Before the FBC was enacted, the Resource Conservation District (RCD) and water quality standards were in place for the entire town.  When the Code was drafted,  Town government exempted property in the Ephesus-Fordham district from various standards that apply everywhere else in Chapel Hill. Initially, the FBC contained no stormwater standards at all.  Subsequently, at the urging of our Stormwater Advisory Board, the Council agreed to include water quality standards and they are indeed somewhat better than existing water quality standards that apply townwide.

However, the FBC contains only a few of the usual regulations that deal with the volume of water (see footnote #1), not the extraordinary measures claimed in the op-ed piece that would seriously reduce downstream flooding.  Because the Town has already approved roughly 4 million square feet of new construction—i.e., new impermeable surface—in the upper Booker Creek watershed, it is inevitable that flooding will increase downstream.  As these permitted projects are built in the upper watershed, we can expect increased flooding in the lower watershed – specifically in the E-F District which is located near the lowest point in the watershed.

The Town Manager and the staff know the flooding risks and the Town has invested considerable money in watershed studies for the purpose of making recommendations to control flooding in the Booker Creek Watershed. Recent development in Durham County impacting the Corps of Engineers property has also increased flooding risk for Chapel Hill neighborhoods like the Oaks.

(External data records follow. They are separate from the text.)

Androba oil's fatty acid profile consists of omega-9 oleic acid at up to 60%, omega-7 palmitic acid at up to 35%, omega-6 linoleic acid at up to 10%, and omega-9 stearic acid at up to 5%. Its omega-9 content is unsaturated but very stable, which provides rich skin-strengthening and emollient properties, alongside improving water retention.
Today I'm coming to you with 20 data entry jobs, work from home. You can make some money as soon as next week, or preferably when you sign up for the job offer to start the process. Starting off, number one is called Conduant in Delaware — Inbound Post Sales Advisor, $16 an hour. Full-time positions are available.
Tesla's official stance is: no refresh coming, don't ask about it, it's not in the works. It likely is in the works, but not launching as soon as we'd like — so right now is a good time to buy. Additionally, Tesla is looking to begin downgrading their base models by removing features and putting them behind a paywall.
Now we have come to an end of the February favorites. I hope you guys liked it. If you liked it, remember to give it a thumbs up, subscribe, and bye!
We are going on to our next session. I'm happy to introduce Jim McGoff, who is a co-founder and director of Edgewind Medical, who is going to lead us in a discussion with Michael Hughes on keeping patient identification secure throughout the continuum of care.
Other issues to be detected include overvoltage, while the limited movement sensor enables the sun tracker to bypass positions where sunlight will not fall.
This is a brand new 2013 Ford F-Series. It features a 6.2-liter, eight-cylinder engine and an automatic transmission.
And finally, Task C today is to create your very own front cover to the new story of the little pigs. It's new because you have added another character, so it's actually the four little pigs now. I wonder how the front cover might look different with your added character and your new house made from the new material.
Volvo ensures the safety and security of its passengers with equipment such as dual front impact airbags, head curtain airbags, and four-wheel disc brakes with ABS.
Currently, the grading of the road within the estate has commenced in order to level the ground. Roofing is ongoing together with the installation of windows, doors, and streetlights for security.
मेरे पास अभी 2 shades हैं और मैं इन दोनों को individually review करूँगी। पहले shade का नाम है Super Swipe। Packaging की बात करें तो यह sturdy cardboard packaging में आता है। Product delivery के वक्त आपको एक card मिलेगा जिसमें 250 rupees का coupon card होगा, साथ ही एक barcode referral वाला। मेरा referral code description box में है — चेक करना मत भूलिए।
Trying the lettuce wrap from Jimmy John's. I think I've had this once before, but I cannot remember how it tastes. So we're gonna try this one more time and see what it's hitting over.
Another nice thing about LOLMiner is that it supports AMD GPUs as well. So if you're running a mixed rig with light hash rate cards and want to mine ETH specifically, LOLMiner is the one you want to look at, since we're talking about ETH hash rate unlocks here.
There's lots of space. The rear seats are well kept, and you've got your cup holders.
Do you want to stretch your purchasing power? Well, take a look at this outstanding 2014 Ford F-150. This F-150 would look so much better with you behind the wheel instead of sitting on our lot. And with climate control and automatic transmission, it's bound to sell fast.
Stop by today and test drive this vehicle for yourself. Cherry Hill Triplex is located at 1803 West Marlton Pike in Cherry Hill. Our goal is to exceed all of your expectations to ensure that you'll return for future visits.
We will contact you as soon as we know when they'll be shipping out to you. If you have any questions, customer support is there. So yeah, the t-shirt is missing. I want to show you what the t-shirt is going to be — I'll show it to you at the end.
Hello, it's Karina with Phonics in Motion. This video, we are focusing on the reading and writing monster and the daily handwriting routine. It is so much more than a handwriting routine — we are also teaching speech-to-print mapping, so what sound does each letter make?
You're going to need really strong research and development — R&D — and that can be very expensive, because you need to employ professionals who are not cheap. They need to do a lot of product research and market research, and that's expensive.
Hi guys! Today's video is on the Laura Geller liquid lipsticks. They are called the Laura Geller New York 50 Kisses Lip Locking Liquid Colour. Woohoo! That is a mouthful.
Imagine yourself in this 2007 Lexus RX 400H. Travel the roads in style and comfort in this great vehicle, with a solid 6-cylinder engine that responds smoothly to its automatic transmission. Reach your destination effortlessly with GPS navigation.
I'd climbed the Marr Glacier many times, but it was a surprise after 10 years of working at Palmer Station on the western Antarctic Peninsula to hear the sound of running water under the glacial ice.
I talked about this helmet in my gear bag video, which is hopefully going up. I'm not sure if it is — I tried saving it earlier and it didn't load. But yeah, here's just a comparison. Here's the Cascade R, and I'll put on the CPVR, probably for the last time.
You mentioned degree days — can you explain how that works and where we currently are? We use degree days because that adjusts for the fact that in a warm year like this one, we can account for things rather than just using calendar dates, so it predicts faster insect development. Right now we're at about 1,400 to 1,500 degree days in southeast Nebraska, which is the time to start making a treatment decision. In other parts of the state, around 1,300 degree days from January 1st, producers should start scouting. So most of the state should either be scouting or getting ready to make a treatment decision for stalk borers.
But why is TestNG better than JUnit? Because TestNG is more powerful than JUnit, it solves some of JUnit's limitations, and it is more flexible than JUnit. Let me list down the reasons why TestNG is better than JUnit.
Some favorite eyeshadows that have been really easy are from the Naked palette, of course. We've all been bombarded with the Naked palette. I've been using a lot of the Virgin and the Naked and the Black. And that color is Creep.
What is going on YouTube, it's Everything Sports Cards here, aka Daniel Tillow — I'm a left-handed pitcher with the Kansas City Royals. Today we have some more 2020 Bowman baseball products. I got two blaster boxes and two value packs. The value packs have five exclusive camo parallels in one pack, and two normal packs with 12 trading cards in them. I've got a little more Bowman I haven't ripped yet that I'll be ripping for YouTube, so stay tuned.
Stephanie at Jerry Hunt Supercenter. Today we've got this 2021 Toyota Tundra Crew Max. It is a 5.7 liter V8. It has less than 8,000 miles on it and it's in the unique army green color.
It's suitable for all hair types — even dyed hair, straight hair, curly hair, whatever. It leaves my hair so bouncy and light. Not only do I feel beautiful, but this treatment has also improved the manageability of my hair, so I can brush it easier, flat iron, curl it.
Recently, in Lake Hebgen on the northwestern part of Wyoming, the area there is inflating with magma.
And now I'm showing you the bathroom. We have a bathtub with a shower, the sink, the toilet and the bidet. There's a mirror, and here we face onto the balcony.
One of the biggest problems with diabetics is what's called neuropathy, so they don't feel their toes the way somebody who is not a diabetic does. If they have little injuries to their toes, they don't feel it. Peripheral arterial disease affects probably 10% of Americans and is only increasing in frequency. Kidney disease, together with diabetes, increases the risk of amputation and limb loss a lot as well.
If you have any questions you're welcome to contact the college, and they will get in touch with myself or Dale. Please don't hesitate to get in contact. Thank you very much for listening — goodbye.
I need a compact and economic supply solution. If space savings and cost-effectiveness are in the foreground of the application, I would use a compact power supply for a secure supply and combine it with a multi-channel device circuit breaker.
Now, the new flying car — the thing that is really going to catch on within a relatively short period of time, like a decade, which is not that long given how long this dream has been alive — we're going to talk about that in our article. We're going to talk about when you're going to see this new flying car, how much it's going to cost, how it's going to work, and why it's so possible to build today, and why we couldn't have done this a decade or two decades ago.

Until the FBC is changed or dropped all together, folks living downstream from Ephesus-Fordham (a.k.a., Blue Hill) can expect increased stormwater run-off due to new projects in this part of town.


Footnote #1

In regard to volume the form-based code says:  “Minimize the total volume of surface water runoff that flows from any specific site during and following development in order to replicate the pre-development hydrology to the maximum extent practicable; Reduce stormwater runoff rates and volumes, soil erosion and non-point source pollution, wherever possible, through stormwater management controls and to ensure that these management controls are properly maintained and pose no threat to public safety.”